++++ Extracted records ++++
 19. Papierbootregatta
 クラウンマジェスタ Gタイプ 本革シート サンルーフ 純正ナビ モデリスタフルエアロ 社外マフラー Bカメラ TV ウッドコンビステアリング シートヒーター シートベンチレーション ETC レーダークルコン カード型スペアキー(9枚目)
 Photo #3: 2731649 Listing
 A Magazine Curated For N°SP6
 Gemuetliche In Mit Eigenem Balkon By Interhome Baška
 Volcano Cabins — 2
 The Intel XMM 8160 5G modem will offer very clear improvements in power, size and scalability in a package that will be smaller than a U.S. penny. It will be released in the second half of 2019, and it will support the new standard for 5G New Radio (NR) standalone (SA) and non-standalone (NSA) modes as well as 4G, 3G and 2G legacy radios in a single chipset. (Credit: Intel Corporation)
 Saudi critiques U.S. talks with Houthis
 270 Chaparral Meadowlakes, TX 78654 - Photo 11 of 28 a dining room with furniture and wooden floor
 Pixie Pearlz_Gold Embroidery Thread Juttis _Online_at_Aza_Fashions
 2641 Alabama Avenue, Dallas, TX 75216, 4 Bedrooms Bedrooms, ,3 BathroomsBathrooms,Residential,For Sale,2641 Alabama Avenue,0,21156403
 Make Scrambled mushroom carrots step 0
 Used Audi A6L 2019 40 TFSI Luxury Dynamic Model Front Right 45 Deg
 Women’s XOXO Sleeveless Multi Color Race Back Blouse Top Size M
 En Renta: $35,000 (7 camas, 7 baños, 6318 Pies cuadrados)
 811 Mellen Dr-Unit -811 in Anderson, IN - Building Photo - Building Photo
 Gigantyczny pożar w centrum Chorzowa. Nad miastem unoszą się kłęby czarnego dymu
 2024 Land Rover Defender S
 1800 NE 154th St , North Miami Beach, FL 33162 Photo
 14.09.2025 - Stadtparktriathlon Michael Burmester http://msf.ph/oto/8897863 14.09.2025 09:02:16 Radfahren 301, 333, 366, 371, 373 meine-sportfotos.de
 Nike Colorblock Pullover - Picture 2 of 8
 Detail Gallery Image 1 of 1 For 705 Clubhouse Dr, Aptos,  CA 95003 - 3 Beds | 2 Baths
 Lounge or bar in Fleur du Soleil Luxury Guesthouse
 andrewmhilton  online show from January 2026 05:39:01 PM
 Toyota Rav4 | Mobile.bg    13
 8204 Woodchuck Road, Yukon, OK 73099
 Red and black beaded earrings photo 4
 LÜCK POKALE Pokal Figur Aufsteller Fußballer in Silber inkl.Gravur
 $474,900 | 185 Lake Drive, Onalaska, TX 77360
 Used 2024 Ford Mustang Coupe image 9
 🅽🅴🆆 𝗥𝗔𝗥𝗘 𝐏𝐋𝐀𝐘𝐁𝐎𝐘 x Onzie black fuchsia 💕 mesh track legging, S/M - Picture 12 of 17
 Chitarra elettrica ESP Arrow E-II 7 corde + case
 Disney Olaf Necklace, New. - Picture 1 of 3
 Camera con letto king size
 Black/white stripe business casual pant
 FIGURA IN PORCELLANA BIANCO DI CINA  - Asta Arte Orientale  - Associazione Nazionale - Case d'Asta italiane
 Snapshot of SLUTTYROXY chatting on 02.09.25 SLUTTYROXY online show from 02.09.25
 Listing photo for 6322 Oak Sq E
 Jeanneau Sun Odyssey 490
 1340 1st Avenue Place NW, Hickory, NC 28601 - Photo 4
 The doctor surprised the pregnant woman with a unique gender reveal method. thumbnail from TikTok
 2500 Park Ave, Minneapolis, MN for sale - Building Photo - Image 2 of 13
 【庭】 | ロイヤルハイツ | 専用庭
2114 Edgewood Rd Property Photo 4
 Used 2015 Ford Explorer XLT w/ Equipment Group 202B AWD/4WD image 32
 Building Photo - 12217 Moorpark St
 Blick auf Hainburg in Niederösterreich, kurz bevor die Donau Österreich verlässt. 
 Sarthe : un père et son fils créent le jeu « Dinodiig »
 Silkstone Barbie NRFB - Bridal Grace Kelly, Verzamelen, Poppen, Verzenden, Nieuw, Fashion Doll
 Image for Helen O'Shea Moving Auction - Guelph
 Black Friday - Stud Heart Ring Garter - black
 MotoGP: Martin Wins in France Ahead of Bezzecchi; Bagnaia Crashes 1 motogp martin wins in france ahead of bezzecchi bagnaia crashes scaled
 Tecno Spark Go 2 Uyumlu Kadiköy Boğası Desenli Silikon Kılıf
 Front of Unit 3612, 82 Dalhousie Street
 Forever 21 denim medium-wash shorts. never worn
++++
** Prompt **
Every line holding the word "with" should be copied out of the records above.

** Output below **
 Saudi critiques U.S. talks with Houthis
 270 Chaparral Meadowlakes, TX 78654 - Photo 11 of 28 a dining room with furniture and wooden floor
 The doctor surprised the pregnant woman with a unique gender reveal method. thumbnail from TikTok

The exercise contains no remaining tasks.